- Opening Delimiter -

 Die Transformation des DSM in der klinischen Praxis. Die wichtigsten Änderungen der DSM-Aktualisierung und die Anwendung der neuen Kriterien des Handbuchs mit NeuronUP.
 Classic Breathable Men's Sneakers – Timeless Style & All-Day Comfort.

- Closing Delimiter -
- Opening Delimiter -

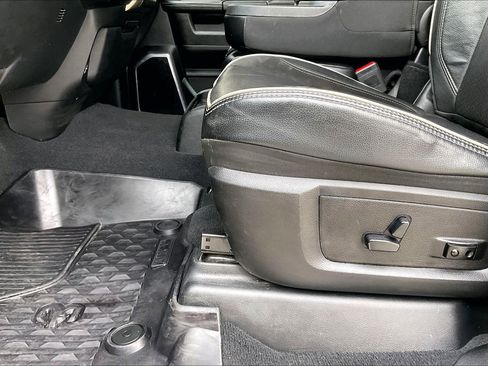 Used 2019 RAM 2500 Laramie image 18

- Closing Delimiter -
- Opening Delimiter -

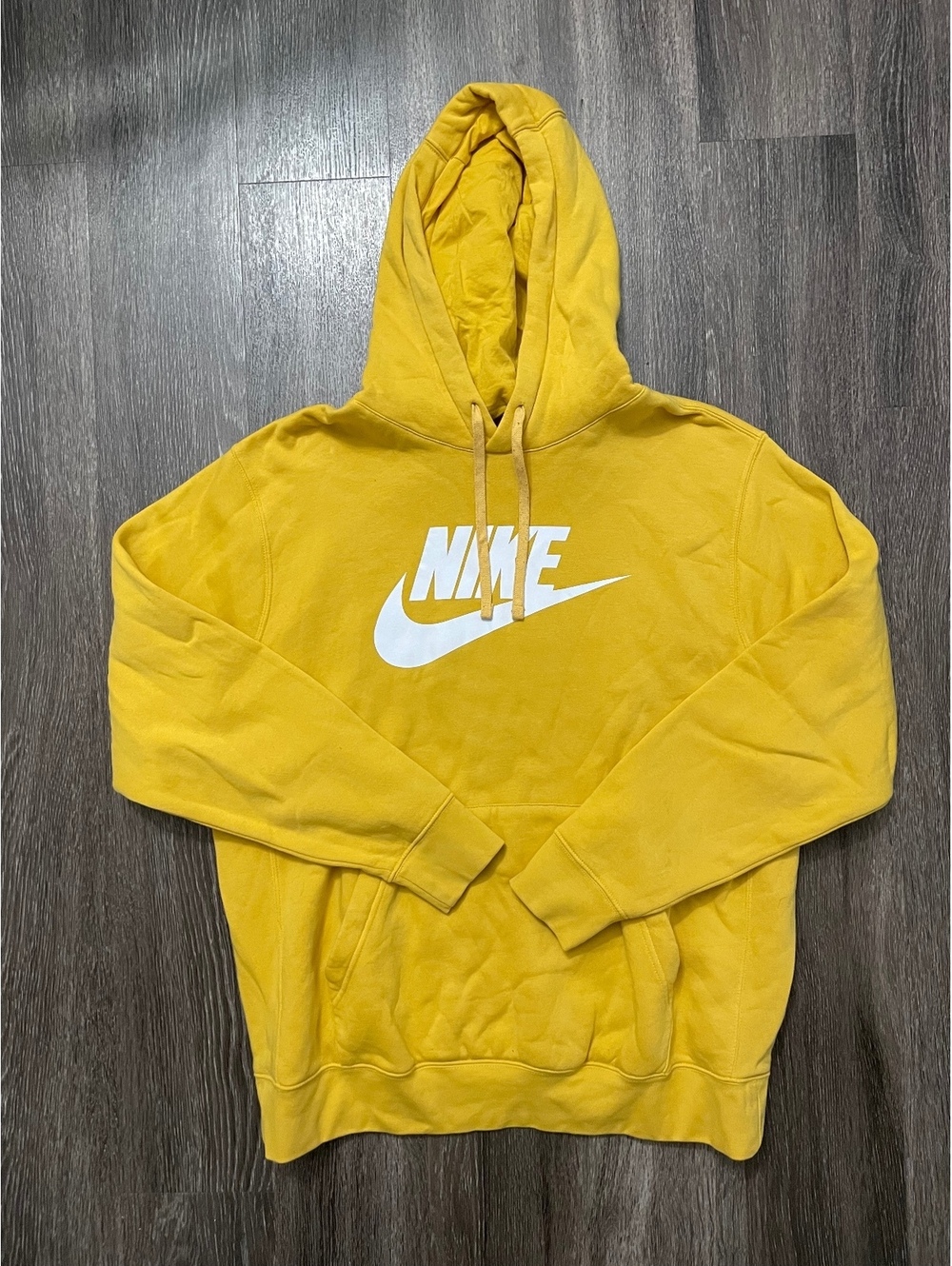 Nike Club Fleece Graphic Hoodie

- Closing Delimiter -

Reproduce, character for character, only the lines of the preceding data that start at the line with "Die Transformation des" and end at the line with "Classic Breathable Men's", both included.

 Die Transformation des DSM in der klinischen Praxis. Die wichtigsten Änderungen der DSM-Aktualisierung und die Anwendung der neuen Kriterien des Handbuchs mit NeuronUP.
 Classic Breathable Men's Sneakers – Timeless Style & All-Day Comfort.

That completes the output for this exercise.